先ほど気づきました。コメントありがとうございました。
時代考証が古いというのは序盤戦でしょうか?ヤクザ映画っぽいところは1964年とするともう少し前かもしれませんね。美術が「キルビル」の種田なのでこのシーン上手いなとは思っていました。場所柄多分降らない雪が象徴しています。

和装の着付けは知識がないのでわからないです。この辺りはpaseolaさんさすがですね。個人的にはカメラは上手かったかと思っています。

綾乃との出会いの場面は、最初は気づかなかったのです。すぐに瀧内公美とわかり思わず唸りました。確かにとってつけたみたいなシーンかもしれません。当代きっての人気女優をここで使うのはぜいたくでしょう。彼女は何でもこなしますね。すごいです。

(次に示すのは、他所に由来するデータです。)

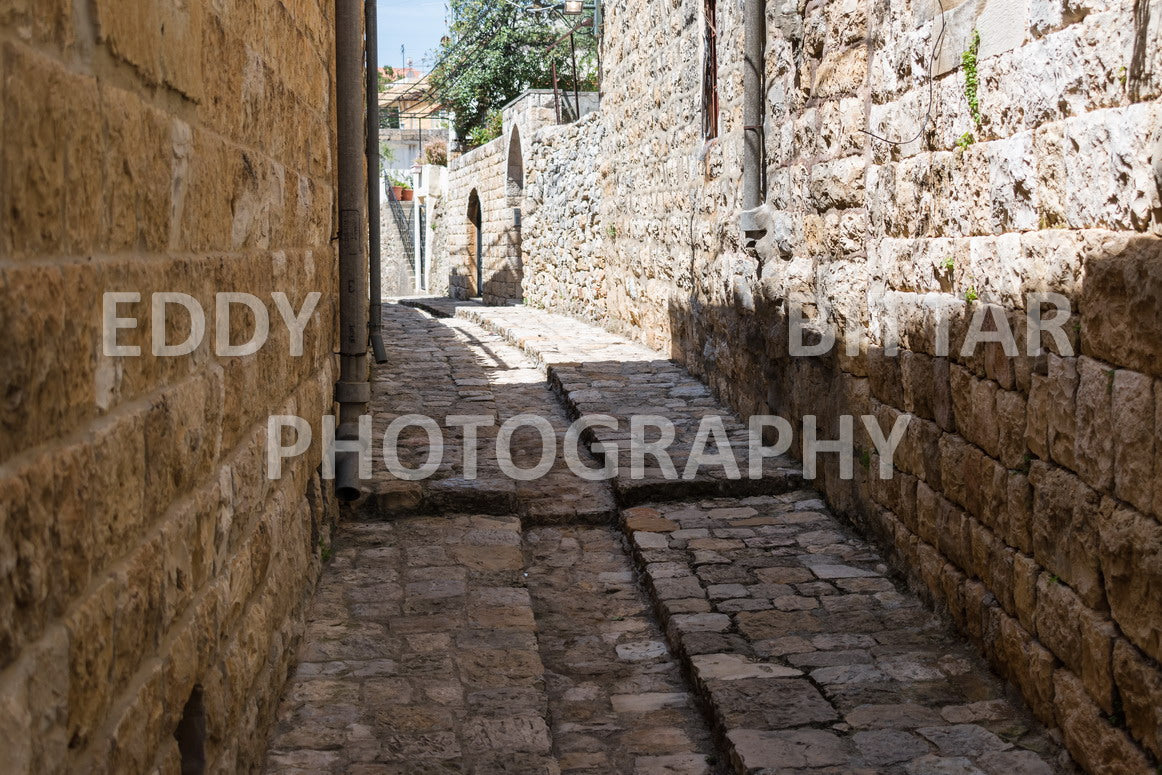 Walking the ancient Deir El Qamar Road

赤レンガのお言葉に何かと知らずショックを受けました。実は週に1〜2回横浜に仕事で行っています。今日は時間に余裕がありものすごい近いところにいて、散歩で赤レンガ倉庫方面歩こうかと思っていていました。ところが30℃台の猛暑でランドマークの建物の中を歩きました。コメントを見てショックです。もっと早くblog確認すればよかった。まいったなあ。

またよろしくお願いします。夏すぎてgoo blogなくなるのが決まったのでどうしようかなと思案中です。